How does one implement alloca() using inline x86 assembler in languages like D, C, and C++? I want to create a slightly modified version of it, but first I need to know how
What we want to do is something like that:
void* alloca(size_t size) {
<sp> -= size;
return <sp>;
}
In Assembly (Visual Studio 2017, 64bit) it looks like:
;alloca.asm
_TEXT SEGMENT
PUBLIC alloca
alloca PROC
sub rsp, rcx ;<sp> -= size
mov rax, rsp ;return <sp>;
ret
alloca ENDP
_TEXT ENDS
END
Unfortunately our return pointer is the last item on the stack, and we do not want to overwrite it. Additionally we need to take care for the alignment, ie. round size up to multiple of 8. So we have to do this:
;alloca.asm
_TEXT SEGMENT
PUBLIC alloca
alloca PROC
;round up to multiple of 8
mov rax, rcx
mov rbx, 8
xor rdx, rdx
div rbx
sub rbx, rdx
mov rax, rbx
mov rbx, 8
xor rdx, rdx
div rbx
add rcx, rdx
;increase stack pointer
pop rbx
sub rsp, rcx
mov rax, rsp
push rbx
ret
alloca ENDP
_TEXT ENDS
END
If you can't use c99's Variable Length Arrays, you can use a compound literal cast to a void pointer.

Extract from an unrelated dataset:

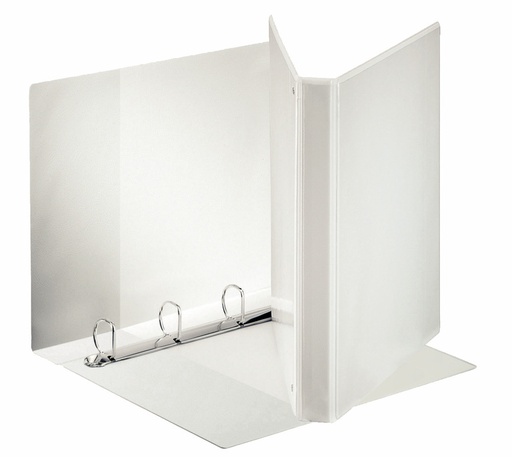 [ESS-55291] Panorama ringmap Esselte PP A4 maxi 4 D-ringen 20mm rug 34mm 3 insteekvakken wit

#define ALLOCA(sz) ((void*)((char[sz]){0}))
This also works for -ansi (as a gcc extension) and even when it is a function argument;
some_func(&useful_return, ALLOCA(sizeof(struct useless_return)));
The downside is that when compiled as c++, g++>4.6 will give you an error: taking address of temporary array ... clang and icc don't complain though
I recommend the "enter" instruction. Available on 286 and newer processors (may have been available on the 186 as well, I can't remember offhand, but those weren't widely available anyways).

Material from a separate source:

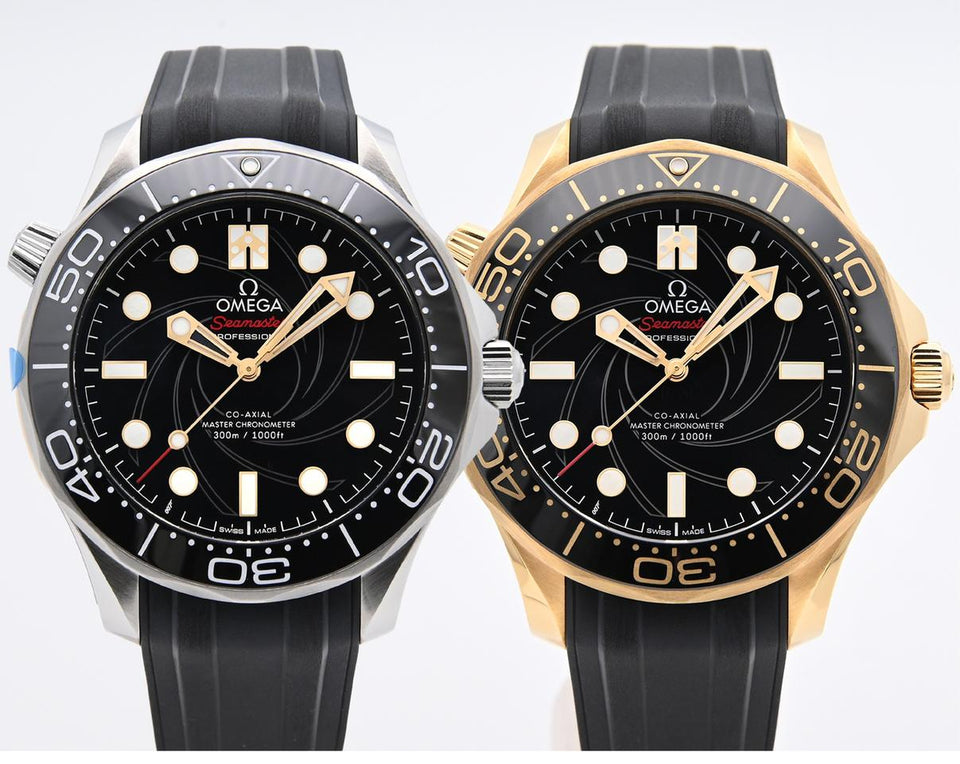 Omega Seamaster Diver 300 MJames Bond Limited Edition 210.62.42.20.01.001 / 210.22.42.20.01.003 Full Set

Variable-Length Array in pure ISO C++. Proof-of-Concept implementation.
void foo(unsigned n)
{
cps_alloca<Payload>(n,[](Payload *first,Payload *last)
{
fill(first,last,something);
});
}
template<typename T,unsigned N,typename F>
auto cps_alloca_static(F &&f) -> decltype(f(nullptr,nullptr))
{
T data[N];
return f(&data[0],&data[0]+N);
}
template<typename T,typename F>
auto cps_alloca_dynamic(unsigned n,F &&f) -> decltype(f(nullptr,nullptr))
{
vector<T> data(n);
return f(&data[0],&data[0]+n);
}
template<typename T,typename F>
auto cps_alloca(unsigned n,F &&f) -> decltype(f(nullptr,nullptr))
{
switch(n)
{
case 1: return cps_alloca_static<T,1>(f);
case 2: return cps_alloca_static<T,2>(f);
case 3: return cps_alloca_static<T,3>(f);
case 4: return cps_alloca_static<T,4>(f);
case 0: return f(nullptr,nullptr);
default: return cps_alloca_dynamic<T>(n,f);
}; // mpl::for_each / array / index pack / recursive bsearch / etc variacion
}
LIVE DEMO
cps_alloca on github
For the D programming language, the source code for alloca() comes with the download. How it works is fairly well commented. For dmd1, it's in /dmd/src/phobos/internal/alloca.d. For dmd2, it's in /dmd/src/druntime/src/compiler/dmd/alloca.d.